Legal Solutions | USA
One of the most intriguing developments in financial instruments in recent years has been the rise of Bitcoin. It already has a history that sounds like legend: the virtual currency was tied to the online underground marketplace the Silk Road, it was dubbed the "wild west" of financial products by the Consumer Financial Protection Bureau, and even has its own pirate known as Dread Pirate Roberts, who was indicted earlier this year for his actions in connection with the Silk Road.
Bitcoin poses serious risks for investors as shown by comments made by the bewildered posters on a Bitcoin forum as Mt. Gox collapsed and filed bankruptcy earlier this year. But Bitcoin also promises a simpler, cheaper, more private way to transact online, and advocates argue that Bitcoin can be a democracy and economy builder around the globe.
This Top Ten will cover the top questions and issues regarding Bitcoin, from Bitcoin's beginning, how it is acquired, federal and state regulators' opinions on Bitcoin and other issues involving this trendy virtual currency.
1. What is Bitcoin?
First, what is Bitcoin? Bitcoin has been defined as a peer-to-peer financial transaction network and protocol. It is a virtual currency, and was first mentioned in a white paper in 2008 by someone or a group of people using the name Satoshi Nakamoto. Nakamoto's identity has sparked worldwide interest, but the creator of Bitcoin remains a mystery. Its main advocacy group, the Bitcoin Foundation, lobbies for policies favorable to Bitcoin.
Bitcoin is referred to as cryptocurrency because of the way it is produced. After users' computers solve highly difficult math problems in competitions, the users are rewarded with bitcoins. A finite number of bitcoins exist — roughly 21 million bitcoins may be mined by 2040, at which point bitcoins can no longer be mined. As of today, over 13 million bitcoins are in existence.

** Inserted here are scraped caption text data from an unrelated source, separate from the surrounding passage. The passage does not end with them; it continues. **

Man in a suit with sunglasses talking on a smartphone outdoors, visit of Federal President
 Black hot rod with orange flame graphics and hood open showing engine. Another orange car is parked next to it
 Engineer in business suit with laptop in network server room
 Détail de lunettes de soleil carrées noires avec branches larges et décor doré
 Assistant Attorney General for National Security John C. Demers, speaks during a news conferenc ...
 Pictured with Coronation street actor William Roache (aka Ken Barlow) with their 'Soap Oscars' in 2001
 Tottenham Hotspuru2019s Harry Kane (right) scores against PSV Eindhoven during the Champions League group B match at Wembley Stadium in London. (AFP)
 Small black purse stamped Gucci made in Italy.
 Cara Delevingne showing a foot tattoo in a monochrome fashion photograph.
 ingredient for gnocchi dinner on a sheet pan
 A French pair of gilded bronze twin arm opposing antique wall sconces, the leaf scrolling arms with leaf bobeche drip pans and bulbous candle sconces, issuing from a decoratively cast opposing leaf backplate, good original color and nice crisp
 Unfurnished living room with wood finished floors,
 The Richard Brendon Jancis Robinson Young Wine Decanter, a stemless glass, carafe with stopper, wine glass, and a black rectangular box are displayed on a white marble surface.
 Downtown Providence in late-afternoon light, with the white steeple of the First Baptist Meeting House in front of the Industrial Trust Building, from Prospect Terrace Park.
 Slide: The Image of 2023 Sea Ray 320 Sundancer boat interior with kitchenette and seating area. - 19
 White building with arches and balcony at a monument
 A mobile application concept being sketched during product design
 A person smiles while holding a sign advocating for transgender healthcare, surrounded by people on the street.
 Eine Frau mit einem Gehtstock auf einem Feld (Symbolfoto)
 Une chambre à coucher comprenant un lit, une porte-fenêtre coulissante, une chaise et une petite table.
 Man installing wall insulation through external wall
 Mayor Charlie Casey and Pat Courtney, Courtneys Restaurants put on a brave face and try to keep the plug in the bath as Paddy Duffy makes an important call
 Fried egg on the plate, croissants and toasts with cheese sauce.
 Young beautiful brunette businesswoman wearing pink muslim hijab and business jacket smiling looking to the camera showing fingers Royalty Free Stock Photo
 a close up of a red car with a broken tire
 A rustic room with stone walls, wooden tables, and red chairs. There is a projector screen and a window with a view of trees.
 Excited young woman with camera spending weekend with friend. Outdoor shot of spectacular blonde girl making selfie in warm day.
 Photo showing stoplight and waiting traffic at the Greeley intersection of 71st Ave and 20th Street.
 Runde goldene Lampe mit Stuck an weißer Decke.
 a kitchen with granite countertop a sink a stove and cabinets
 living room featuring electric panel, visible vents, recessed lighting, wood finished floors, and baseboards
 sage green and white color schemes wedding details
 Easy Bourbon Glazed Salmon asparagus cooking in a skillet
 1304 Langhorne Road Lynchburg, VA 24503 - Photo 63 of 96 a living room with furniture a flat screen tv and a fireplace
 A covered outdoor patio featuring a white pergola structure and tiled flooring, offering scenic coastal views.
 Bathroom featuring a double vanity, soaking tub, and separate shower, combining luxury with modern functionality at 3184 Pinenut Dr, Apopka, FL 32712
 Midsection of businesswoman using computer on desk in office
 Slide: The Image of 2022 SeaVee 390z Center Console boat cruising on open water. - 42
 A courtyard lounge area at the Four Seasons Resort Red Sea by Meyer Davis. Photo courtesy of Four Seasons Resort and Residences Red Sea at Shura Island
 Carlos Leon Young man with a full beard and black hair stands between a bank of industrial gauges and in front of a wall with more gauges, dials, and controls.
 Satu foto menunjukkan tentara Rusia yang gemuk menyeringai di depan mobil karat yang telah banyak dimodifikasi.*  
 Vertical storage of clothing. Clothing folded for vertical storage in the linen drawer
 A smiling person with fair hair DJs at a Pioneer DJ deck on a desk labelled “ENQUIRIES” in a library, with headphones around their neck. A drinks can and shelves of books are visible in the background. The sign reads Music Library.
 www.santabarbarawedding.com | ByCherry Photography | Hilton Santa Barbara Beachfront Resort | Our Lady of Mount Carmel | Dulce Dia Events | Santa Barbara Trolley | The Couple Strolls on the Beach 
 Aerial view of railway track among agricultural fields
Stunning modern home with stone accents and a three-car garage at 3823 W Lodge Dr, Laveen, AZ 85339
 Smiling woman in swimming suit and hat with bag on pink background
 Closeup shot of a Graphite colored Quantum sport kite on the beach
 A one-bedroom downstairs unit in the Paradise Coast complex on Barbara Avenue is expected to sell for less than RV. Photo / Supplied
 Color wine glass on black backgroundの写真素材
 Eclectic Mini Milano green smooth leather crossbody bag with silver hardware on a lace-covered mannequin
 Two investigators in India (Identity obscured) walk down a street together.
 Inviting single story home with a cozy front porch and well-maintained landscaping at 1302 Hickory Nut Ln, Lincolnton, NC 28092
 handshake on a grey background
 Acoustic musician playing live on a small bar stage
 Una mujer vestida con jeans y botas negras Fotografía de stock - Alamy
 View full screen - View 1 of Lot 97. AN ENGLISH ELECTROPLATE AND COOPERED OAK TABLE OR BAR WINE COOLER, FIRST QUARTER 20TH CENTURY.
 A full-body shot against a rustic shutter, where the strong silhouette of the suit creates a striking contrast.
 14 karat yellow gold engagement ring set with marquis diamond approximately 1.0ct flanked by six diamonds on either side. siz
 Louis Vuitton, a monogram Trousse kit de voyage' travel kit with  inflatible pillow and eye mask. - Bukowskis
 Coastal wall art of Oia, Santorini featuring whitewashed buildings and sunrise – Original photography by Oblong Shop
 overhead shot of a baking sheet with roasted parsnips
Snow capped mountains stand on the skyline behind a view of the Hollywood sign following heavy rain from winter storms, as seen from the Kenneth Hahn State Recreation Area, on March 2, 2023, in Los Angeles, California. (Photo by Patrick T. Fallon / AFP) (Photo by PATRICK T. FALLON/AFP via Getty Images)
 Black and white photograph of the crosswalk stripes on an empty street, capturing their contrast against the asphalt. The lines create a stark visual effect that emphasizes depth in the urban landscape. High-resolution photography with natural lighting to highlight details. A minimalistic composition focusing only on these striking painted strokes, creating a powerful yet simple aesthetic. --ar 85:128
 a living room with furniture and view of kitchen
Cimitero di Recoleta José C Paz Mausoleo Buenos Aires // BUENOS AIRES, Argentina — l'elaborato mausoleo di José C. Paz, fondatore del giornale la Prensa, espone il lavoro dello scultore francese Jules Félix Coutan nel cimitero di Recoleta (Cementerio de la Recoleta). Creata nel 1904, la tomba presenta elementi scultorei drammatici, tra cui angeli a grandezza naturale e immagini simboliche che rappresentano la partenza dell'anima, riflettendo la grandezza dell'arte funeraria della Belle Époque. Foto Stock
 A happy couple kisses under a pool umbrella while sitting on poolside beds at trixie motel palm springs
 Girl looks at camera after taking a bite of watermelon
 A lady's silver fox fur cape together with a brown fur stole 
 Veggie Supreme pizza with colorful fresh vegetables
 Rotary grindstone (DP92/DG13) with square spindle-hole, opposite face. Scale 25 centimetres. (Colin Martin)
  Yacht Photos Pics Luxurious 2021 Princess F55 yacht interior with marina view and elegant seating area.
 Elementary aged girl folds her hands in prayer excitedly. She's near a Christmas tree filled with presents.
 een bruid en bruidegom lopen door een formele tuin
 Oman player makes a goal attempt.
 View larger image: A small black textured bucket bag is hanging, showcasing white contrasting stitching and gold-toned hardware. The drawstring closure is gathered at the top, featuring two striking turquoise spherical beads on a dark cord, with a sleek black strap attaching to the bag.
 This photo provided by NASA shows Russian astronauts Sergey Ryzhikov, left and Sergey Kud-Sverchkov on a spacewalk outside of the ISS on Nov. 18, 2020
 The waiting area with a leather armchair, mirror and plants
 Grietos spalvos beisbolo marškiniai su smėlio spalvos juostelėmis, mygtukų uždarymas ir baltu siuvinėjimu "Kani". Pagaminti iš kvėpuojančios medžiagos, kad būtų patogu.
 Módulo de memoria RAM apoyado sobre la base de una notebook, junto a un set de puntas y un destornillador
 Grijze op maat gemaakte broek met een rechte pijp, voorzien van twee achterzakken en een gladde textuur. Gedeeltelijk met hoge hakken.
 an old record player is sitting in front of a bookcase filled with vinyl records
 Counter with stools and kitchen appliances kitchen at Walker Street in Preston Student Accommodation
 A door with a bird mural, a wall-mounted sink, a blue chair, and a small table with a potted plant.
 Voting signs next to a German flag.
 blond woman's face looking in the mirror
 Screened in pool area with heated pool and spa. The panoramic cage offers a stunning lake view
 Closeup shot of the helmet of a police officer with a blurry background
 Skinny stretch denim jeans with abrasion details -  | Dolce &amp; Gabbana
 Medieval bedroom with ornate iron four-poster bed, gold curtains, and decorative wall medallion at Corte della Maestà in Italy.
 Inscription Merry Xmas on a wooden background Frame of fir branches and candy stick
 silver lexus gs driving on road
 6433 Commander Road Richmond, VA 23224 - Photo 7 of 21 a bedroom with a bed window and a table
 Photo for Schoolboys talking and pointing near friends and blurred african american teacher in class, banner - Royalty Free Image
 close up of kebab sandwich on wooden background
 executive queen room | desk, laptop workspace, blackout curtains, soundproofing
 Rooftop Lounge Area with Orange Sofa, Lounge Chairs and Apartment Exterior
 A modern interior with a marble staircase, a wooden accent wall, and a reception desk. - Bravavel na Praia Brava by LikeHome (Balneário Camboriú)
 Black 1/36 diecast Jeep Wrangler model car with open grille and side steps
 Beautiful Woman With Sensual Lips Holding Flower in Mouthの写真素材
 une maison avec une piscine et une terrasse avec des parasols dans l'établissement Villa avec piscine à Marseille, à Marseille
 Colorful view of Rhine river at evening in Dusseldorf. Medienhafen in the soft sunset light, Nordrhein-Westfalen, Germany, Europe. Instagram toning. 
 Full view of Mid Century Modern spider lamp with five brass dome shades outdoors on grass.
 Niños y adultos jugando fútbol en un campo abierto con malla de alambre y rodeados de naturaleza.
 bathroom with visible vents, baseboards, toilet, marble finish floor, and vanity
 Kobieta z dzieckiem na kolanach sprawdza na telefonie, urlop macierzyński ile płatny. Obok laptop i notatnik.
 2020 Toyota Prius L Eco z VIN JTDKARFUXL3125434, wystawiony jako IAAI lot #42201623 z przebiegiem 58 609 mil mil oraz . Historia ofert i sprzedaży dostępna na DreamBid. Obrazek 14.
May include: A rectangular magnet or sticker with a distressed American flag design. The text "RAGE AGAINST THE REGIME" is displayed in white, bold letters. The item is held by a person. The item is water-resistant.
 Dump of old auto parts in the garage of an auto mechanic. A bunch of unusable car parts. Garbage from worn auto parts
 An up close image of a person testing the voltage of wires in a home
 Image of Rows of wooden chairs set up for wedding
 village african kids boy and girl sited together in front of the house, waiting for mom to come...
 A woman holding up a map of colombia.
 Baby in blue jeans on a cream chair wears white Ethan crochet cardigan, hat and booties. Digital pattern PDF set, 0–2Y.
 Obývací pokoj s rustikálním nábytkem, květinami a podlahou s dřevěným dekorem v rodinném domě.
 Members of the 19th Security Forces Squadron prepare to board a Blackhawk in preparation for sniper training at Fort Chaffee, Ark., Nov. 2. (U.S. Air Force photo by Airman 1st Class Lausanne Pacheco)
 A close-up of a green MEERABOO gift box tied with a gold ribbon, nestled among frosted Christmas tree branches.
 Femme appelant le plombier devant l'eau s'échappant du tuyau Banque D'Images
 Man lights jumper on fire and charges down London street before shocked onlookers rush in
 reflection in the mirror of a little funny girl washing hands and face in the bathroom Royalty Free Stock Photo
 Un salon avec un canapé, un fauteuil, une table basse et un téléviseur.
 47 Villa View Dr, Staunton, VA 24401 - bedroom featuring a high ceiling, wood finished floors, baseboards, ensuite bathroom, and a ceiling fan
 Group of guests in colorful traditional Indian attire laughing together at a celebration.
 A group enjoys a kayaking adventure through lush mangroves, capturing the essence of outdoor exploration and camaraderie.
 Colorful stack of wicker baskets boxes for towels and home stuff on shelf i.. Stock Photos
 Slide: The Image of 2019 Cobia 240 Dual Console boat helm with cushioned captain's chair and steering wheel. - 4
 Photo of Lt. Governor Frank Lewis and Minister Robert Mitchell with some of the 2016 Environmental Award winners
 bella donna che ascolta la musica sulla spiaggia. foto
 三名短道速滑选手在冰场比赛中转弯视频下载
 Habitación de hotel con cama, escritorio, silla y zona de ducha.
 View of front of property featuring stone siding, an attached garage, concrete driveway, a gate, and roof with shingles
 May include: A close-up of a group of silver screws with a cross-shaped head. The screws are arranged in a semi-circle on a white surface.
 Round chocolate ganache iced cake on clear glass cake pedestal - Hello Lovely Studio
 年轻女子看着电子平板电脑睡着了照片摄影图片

No central government backs or controls Bitcoin, which makes it a decentralized virtual currency that is attractive to many users. Bitcoins only exist in virtual marketplaces and virtual wallets of Bitcoin users; bitcoins cannot be stored in banks. Unlike with funds deposited in a U.S. bank that come with the backing of the Federal Deposit Insurance Corporation, Bitcoin users usually have no recourse if their wallet is hacked or stolen.
Bitcoin users can use bitcoins as payment with any person or retailer that accepts bitcoin. According to BitcoinStore.com, over 100,000 retailers now accept bitcoin including well known companies like Overstock.com and Expedia. Along with Bitcoin, other examples of virtual currencies include Bitstamp, Kraken and Coinbase.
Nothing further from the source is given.